Youth: In this context, refer to any individual above the stage of childhood, who is within the age bracket of 18 – 45.
History of Alimosho Local Government Area, Lagos State
Alimosho is a Local Government Area in the Ikeja Division, Lagos State, Nigeria. It is the largest Local Government in Lagos, with 1,288,714 inhabitants, according to the official 2006 census (however, the Lagos State Government disputes the official census figures and claims a population within the LGA of more than 2 million residents). It has now been subdivided between several local council development areas (LCDA). The LCDA structure kicked off after the administration of Bola Ilori who was the past chairman of the old single Alimosho Local Government. The six sub-division created out of the old Alimosho are Agbado/Oke-odo LCDA, Ikotun/Igando LCDA and Mosan Okunola LCDA. The LGA contains the urban area of Egbeda/Akomronjo.

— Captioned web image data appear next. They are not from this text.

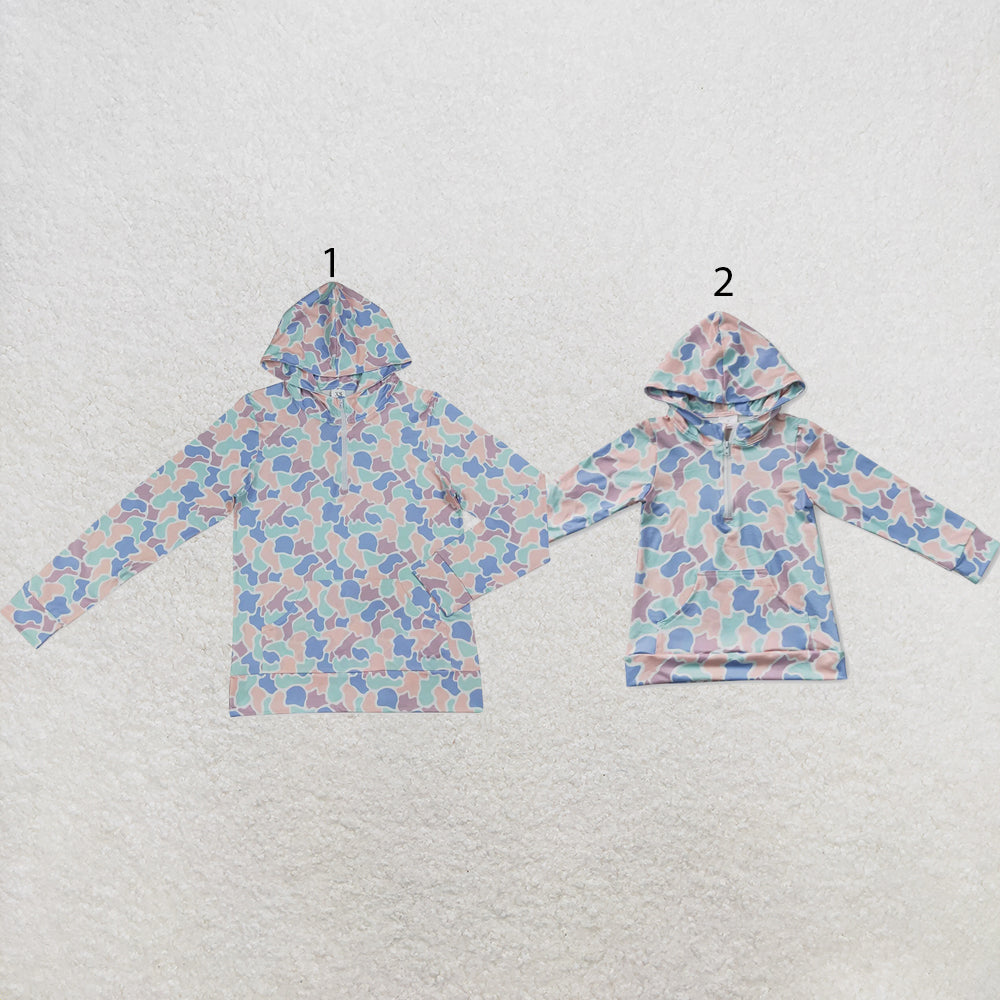 RTS NO MOQ milk silk Sibling Adult To Match Kids Long Sleeve Light Blue Camo Print Zip Pocket Hoodies Tops Casual Tops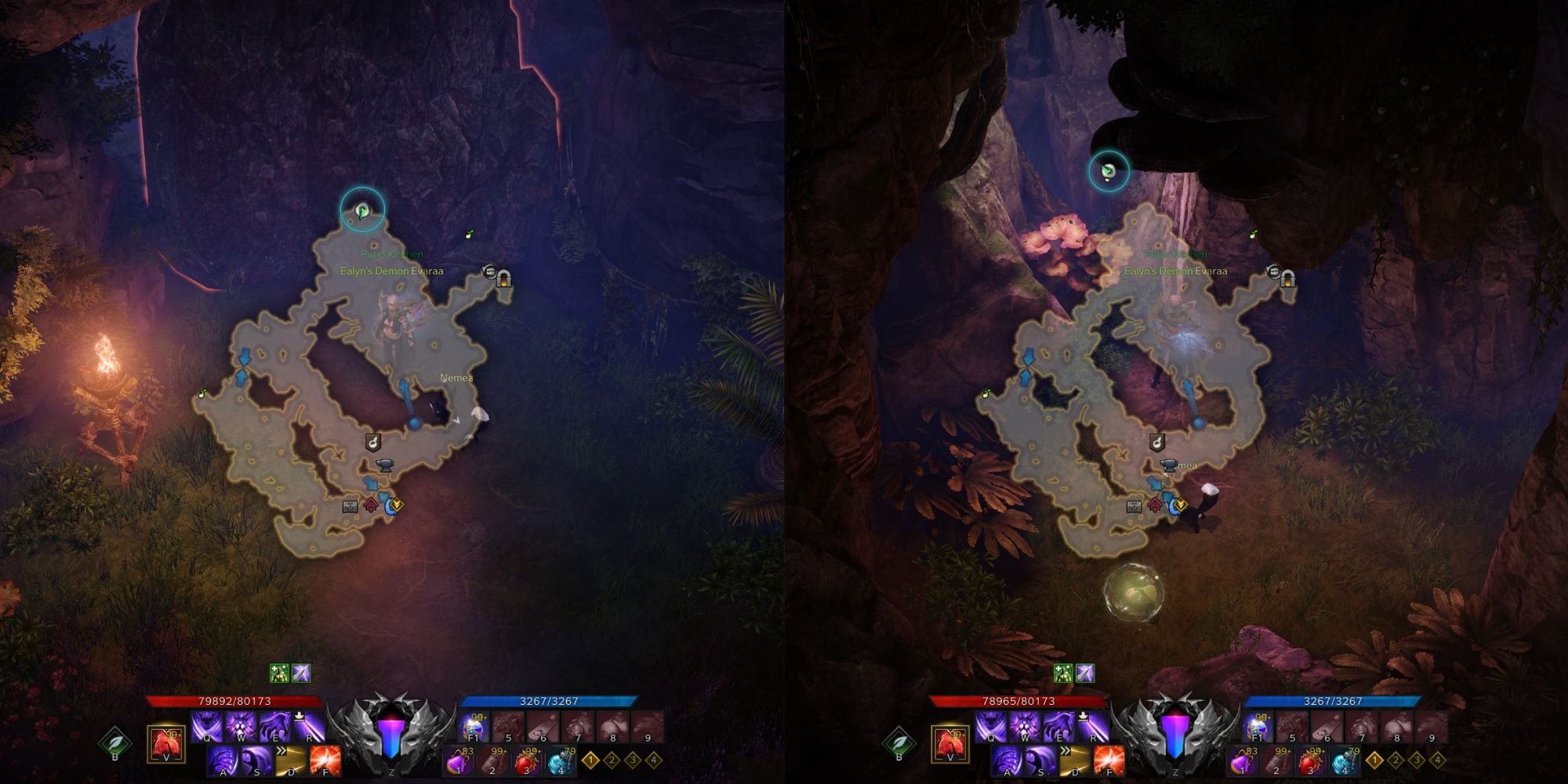 Lost Ark split image of Anguished Isle Mokoko Seed 2 location with minimap open and its hidden entrance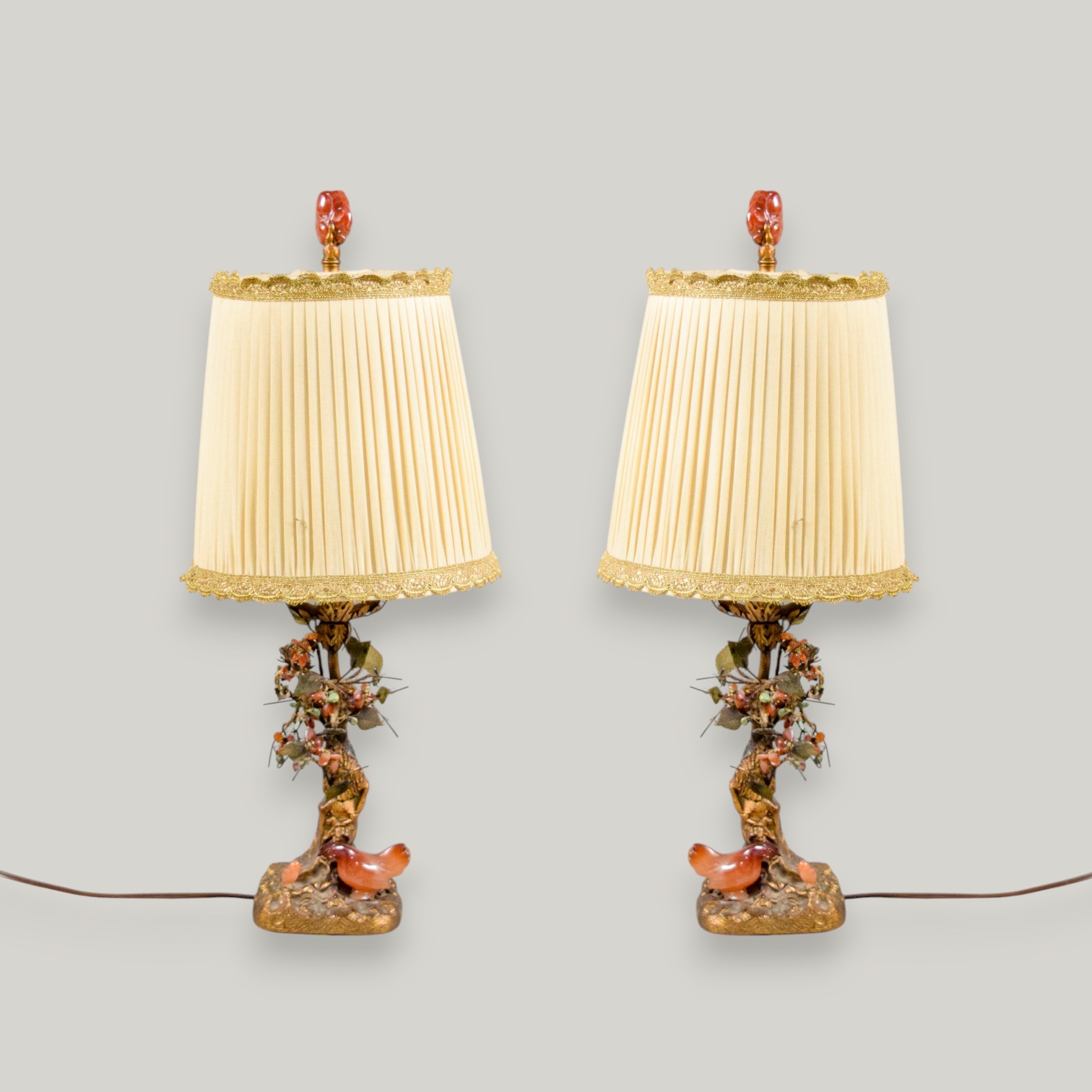 Pair of Nicholas Haydon Chinoiserie Gilt Metal and Carved Semi-Precious Stone Table Lamps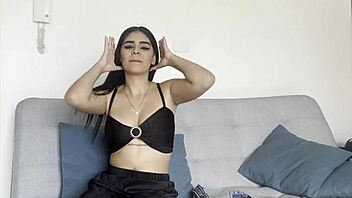 Big-titted teen swallows cum 😋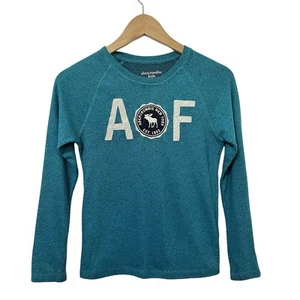 Abercrombie & Fitch Kids Y2K Crew Neck Ribbed Long Sleeve Top Youth 9/10 Logo - Picture 1 of 8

Alimosho was established in 1945 and it was under the then western region. Majority who dominate Alimosho were the Egbados. The area is very rich in culture, prominent amongst which are Oro, Igunnu and Egungun Festivals annually celebrated. Aside the cultural heritages, majority of the inhabitants of the council are Islamic and Christian faithful. However, Yoruba language is widely spoken in the community. The source of Alimosho is Atashua River, which is located on the axis of Oki and Alaguntan in Alimosho. The most recognized bale is late Chief Kokumo follow by Lateef Sekoni, while the present Baale is Afuwape. The royal family includes Folarin, Kokumo, Ogunbowale and Afuwape. The central mosque in Alimosho is the 3rd mosque in Lagos after the Badagry central mosque and the Lagos central mosque. The first court is now known as Alimosho Towm Hall, which is not recognized anymore by the incumbent government, and the Baale of Alimosho, which is not also recognized by the government due to political reason.